▶ [What is being asked]
Skip the pictures, and retype the data below in full, exactly.

▶ [Information supplied]
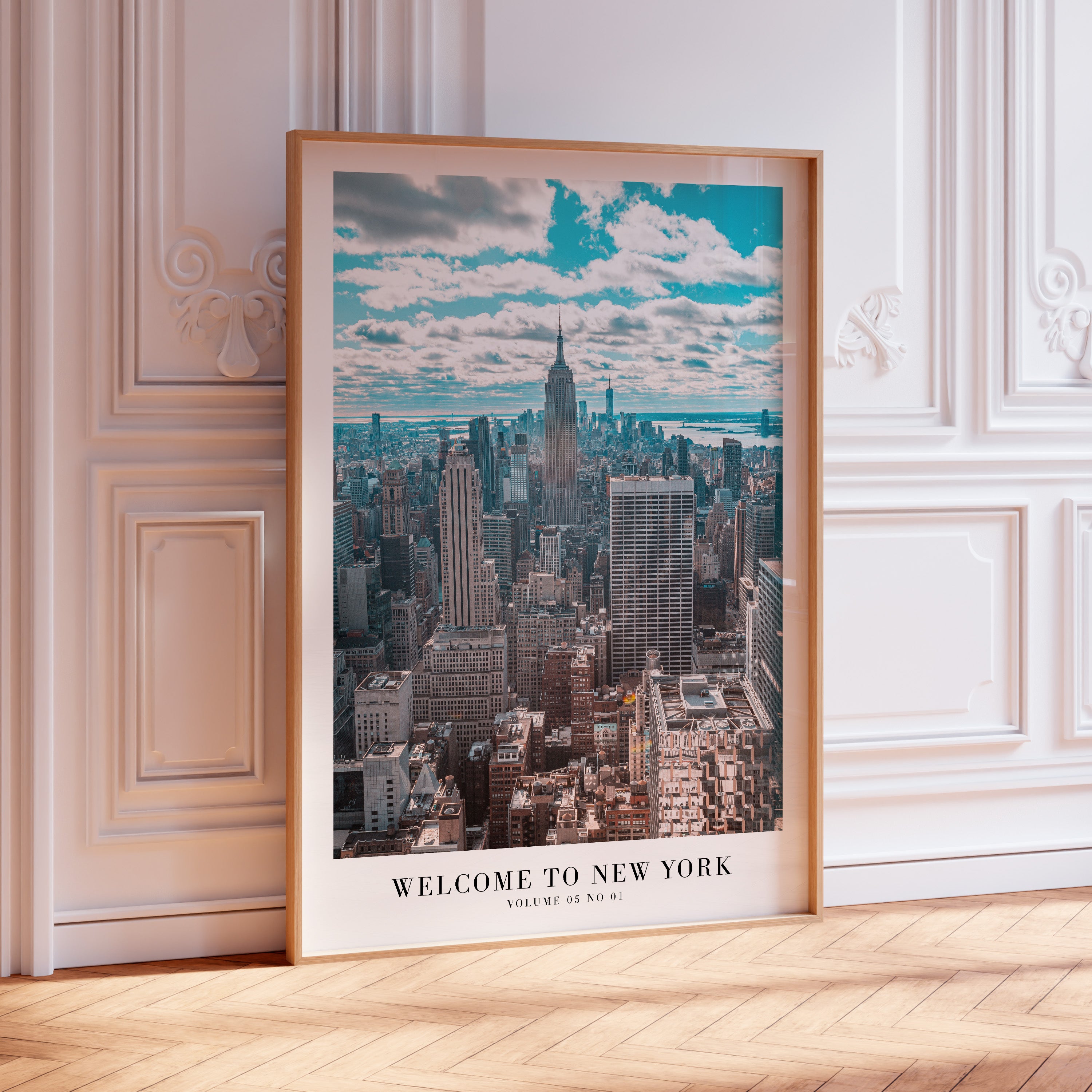 Welcome to New York Taylor Swift skyline print in chic feminine apartment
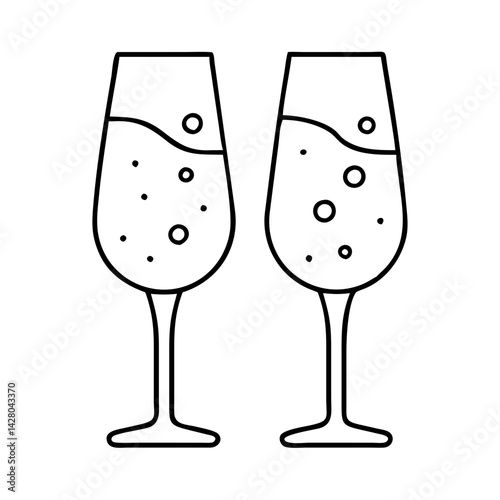 glass of sparkling wine icon, glass of sparkling wine line art - simple line art of glass of sparkling wine, perfect for glass of sparkling wine logos and icons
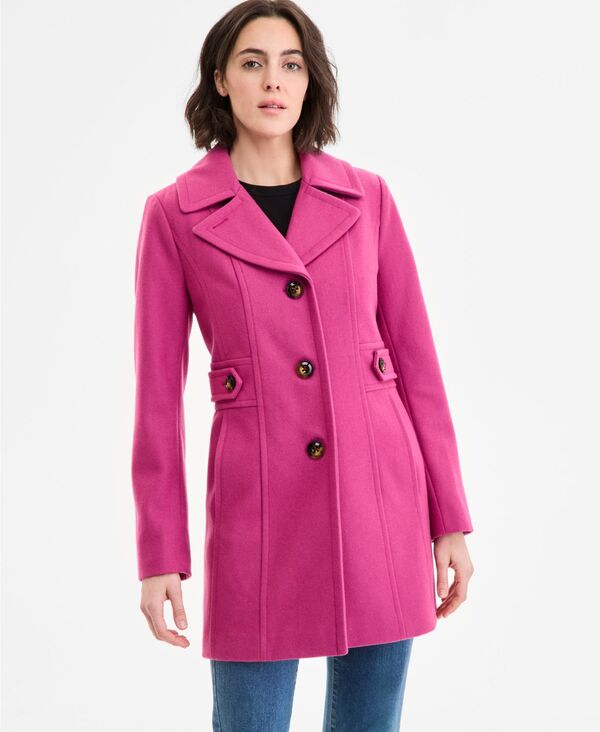 アンクライン レディース アウター ジャケット・ブルゾン コート Anne Klein Women's Single-Breasted Notched-Collar Peacoat Mulberry 28,712円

▶ [Exercise response]
 Welcome to New York Taylor Swift skyline print in chic feminine apartment
 glass of sparkling wine icon, glass of sparkling wine line art - simple line art of glass of sparkling wine, perfect for glass of sparkling wine logos and icons
 アンクライン レディース アウター ジャケット・ブルゾン コート Anne Klein Women's Single-Breasted Notched-Collar Peacoat Mulberry 28,712円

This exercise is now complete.